● **What is required**:
Take the entries below and print, exactly, the stretch from the line containing "Black silhouette icons" through the line containing "Women's Cotton Slippers", both included.

● **Records shown**:

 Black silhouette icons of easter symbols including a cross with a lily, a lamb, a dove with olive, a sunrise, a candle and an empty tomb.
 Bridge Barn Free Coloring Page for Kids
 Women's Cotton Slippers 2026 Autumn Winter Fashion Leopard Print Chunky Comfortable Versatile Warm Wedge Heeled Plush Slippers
...
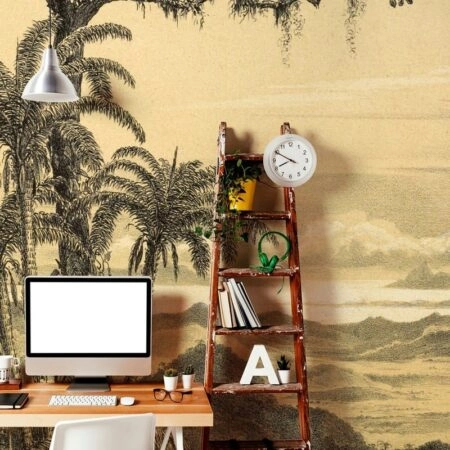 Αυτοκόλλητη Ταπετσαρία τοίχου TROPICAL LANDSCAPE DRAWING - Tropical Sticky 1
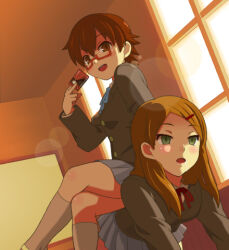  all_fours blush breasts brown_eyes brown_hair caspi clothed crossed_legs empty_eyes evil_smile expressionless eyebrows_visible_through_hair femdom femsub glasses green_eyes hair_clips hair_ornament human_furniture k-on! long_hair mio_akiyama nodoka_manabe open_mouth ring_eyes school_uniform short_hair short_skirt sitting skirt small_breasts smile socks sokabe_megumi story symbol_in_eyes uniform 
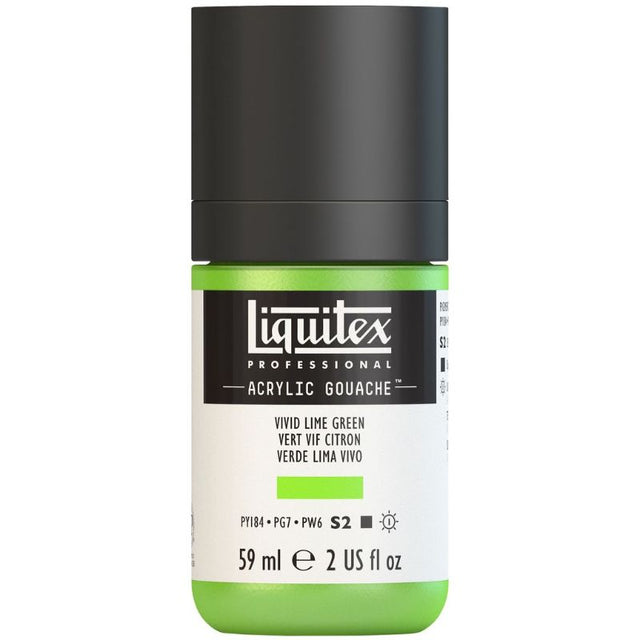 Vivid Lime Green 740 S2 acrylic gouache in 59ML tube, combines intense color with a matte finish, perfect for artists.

● **Solution to the exercise**:
 Black silhouette icons of easter symbols including a cross with a lily, a lamb, a dove with olive, a sunrise, a candle and an empty tomb.
 Bridge Barn Free Coloring Page for Kids
 Women's Cotton Slippers 2026 Autumn Winter Fashion Leopard Print Chunky Comfortable Versatile Warm Wedge Heeled Plush Slippers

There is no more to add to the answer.